(Requirement): Each line in the material below, starting at the one with "Mini Chinese-Style Rust-Iron" and ending at the one with "Коричневая визитница с", is to be reproduced exactly; no picture is to be copied.

(Extracted records):
Start of Block
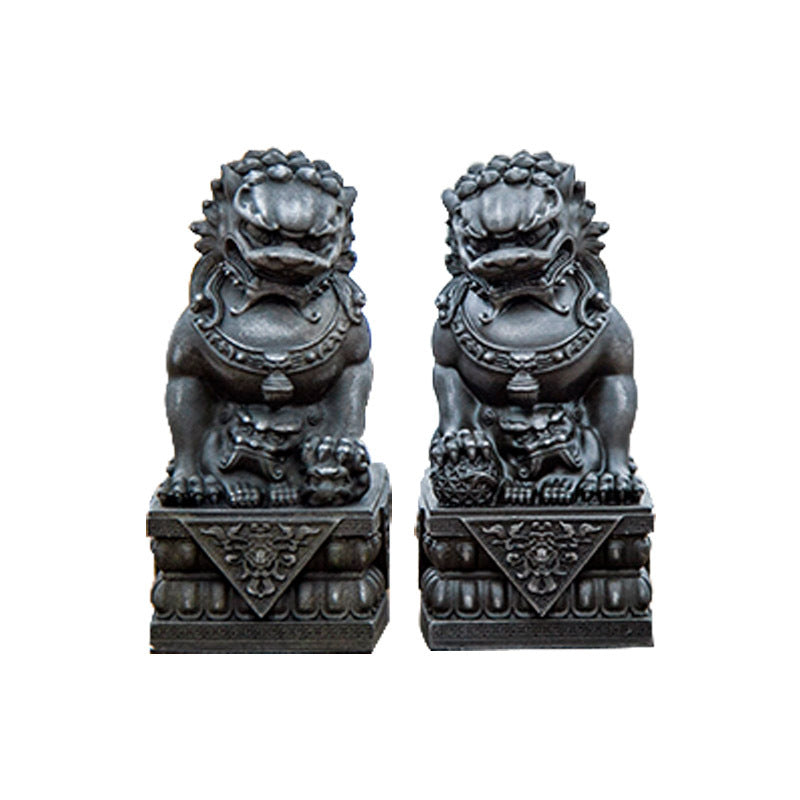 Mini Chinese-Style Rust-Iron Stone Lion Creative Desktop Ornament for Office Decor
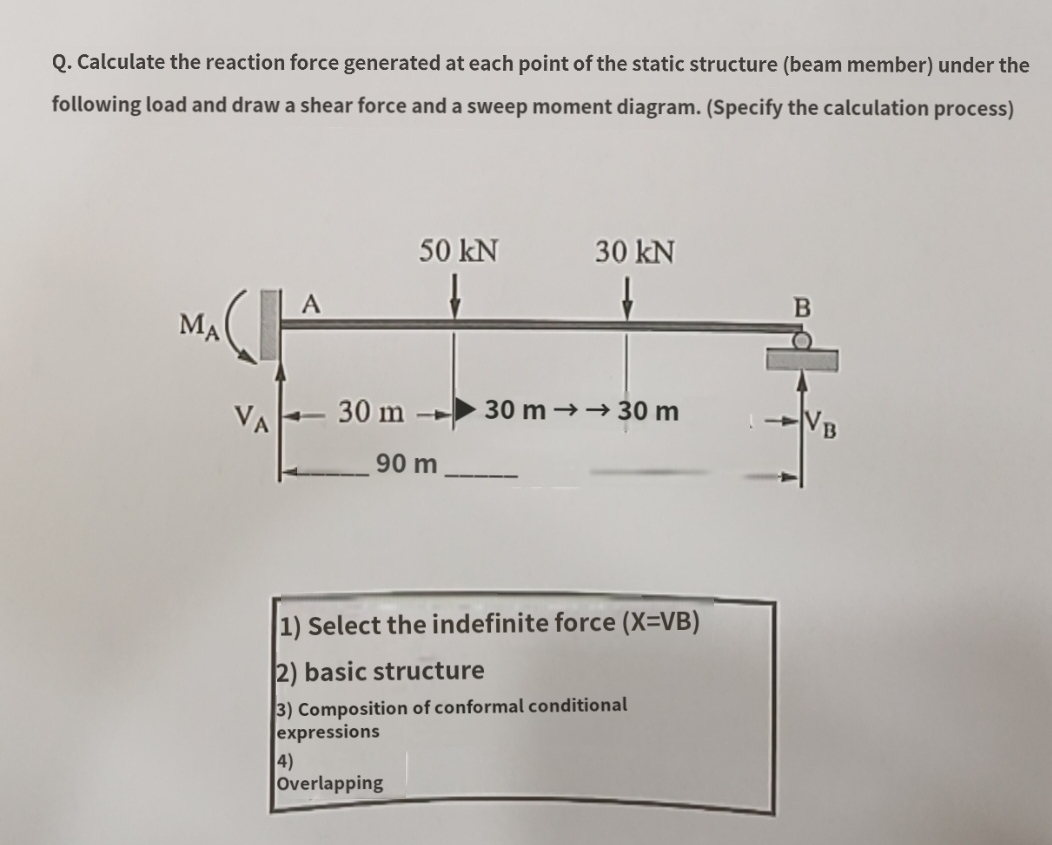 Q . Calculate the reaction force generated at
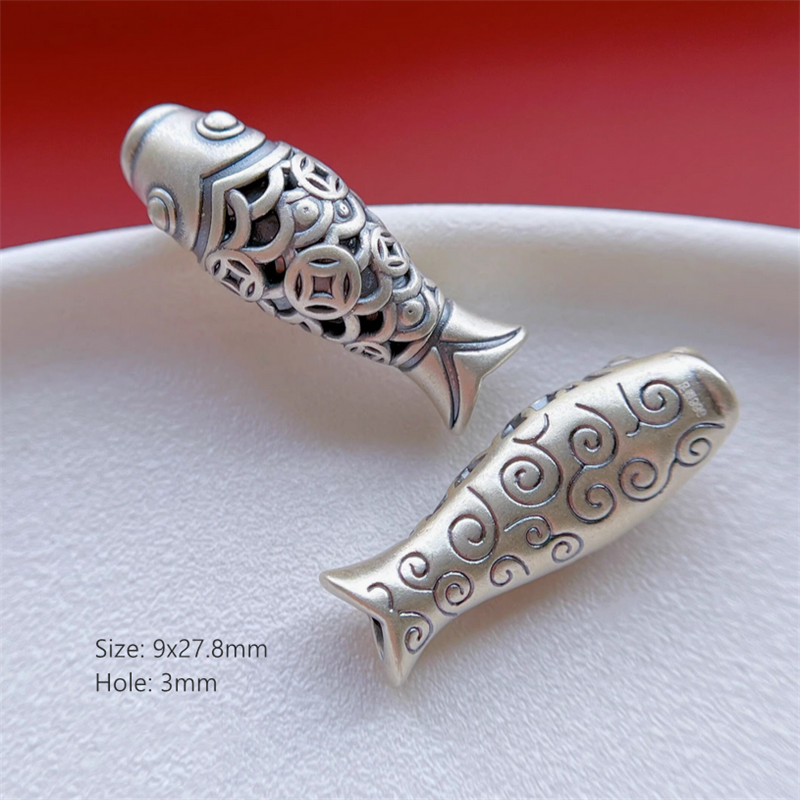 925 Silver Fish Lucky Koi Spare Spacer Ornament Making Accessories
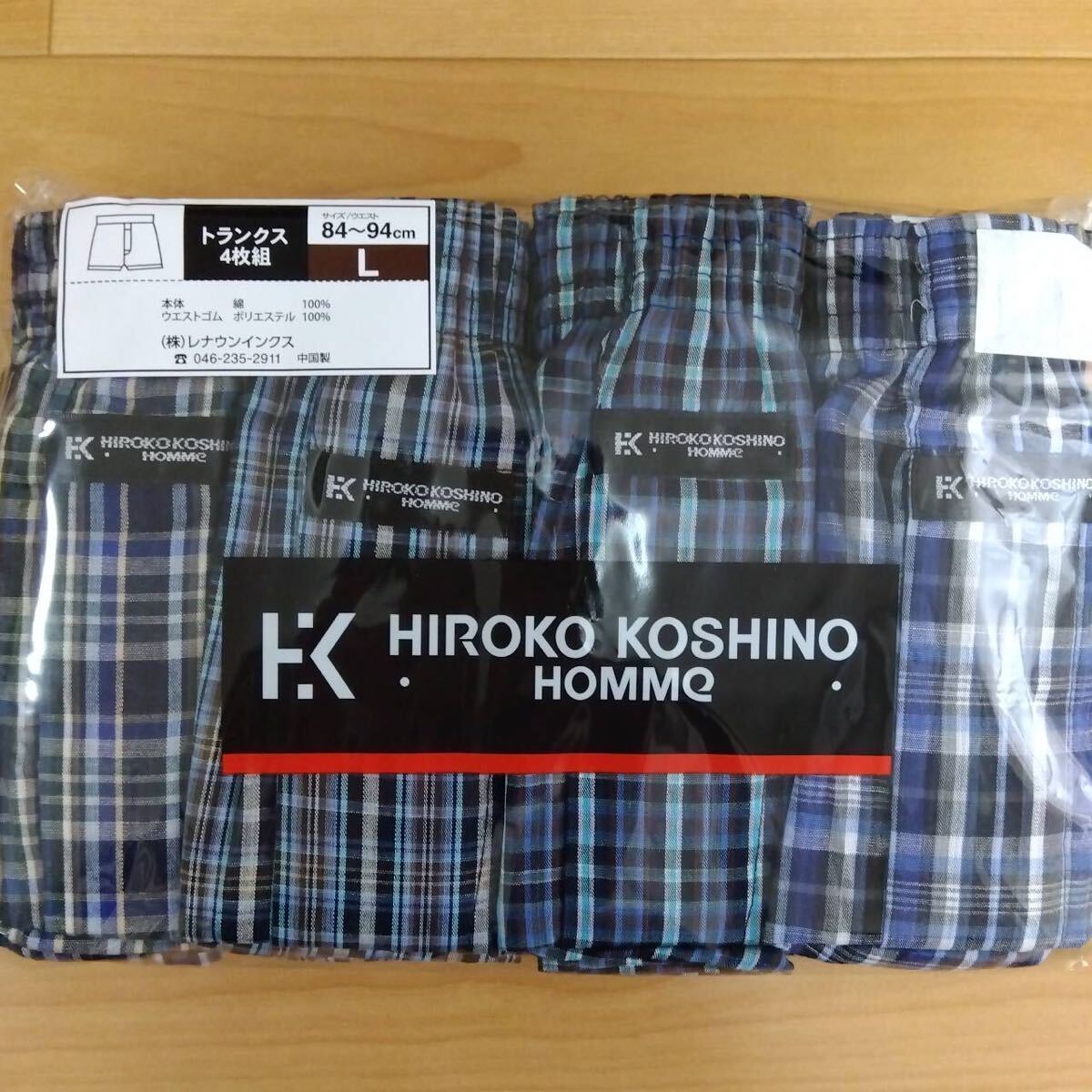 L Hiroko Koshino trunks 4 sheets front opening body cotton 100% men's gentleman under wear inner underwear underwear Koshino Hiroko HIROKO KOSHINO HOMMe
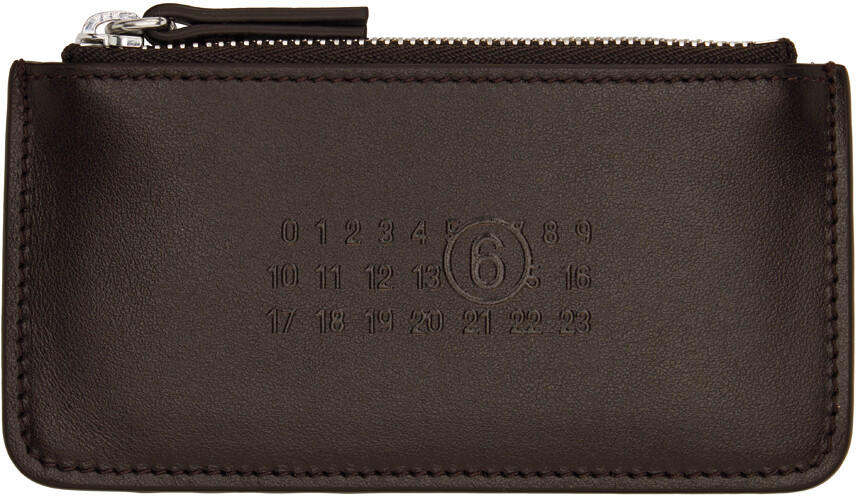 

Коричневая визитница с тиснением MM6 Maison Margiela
End of Block
Start of Block
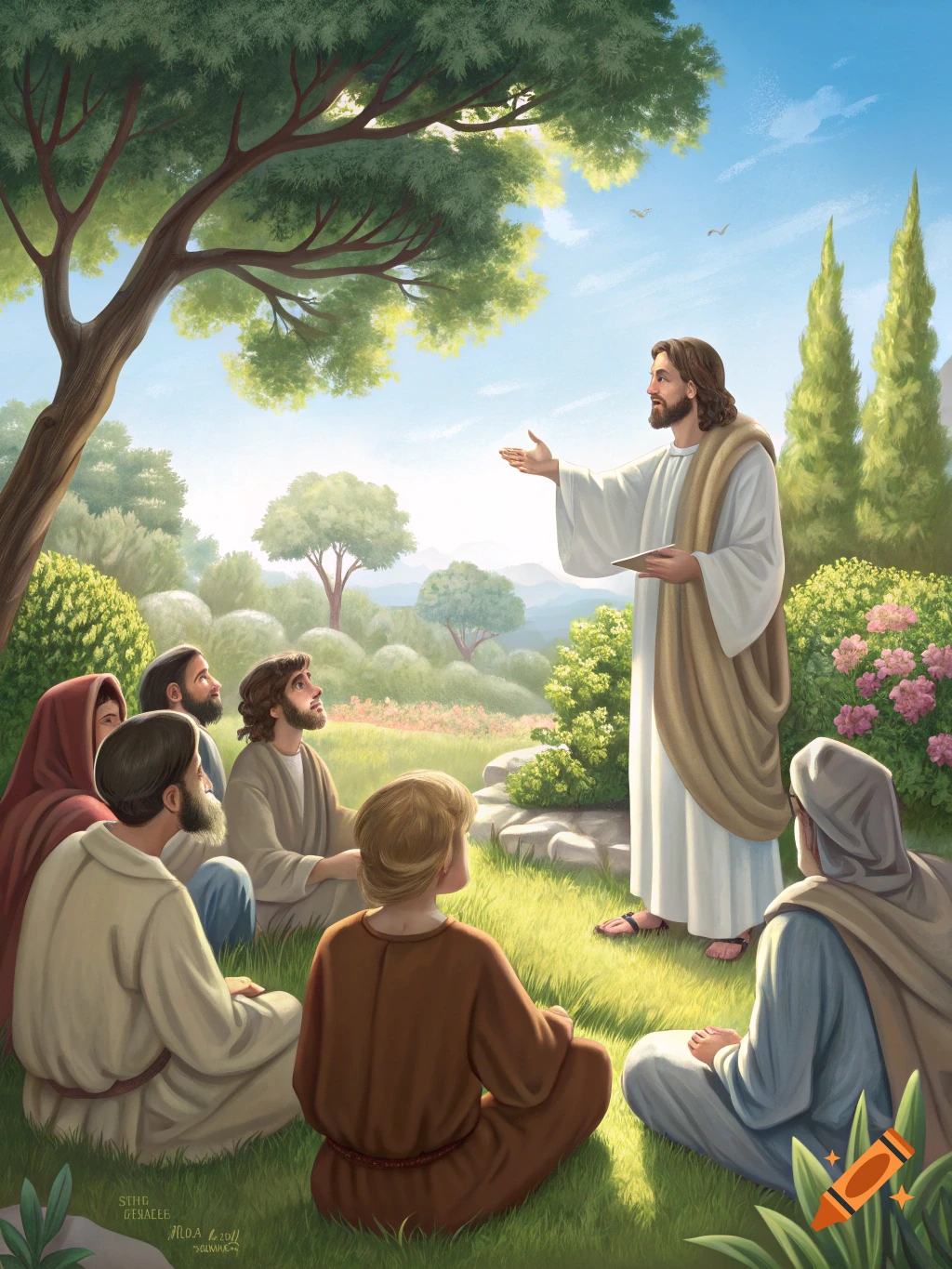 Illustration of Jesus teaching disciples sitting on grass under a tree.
End of Block
(Solution to this exercise):
 Mini Chinese-Style Rust-Iron Stone Lion Creative Desktop Ornament for Office Decor
 Q . Calculate the reaction force generated at
 925 Silver Fish Lucky Koi Spare Spacer Ornament Making Accessories
 L Hiroko Koshino trunks 4 sheets front opening body cotton 100% men's gentleman under wear inner underwear underwear Koshino Hiroko HIROKO KOSHINO HOMMe

Коричневая визитница с тиснением MM6 Maison Margiela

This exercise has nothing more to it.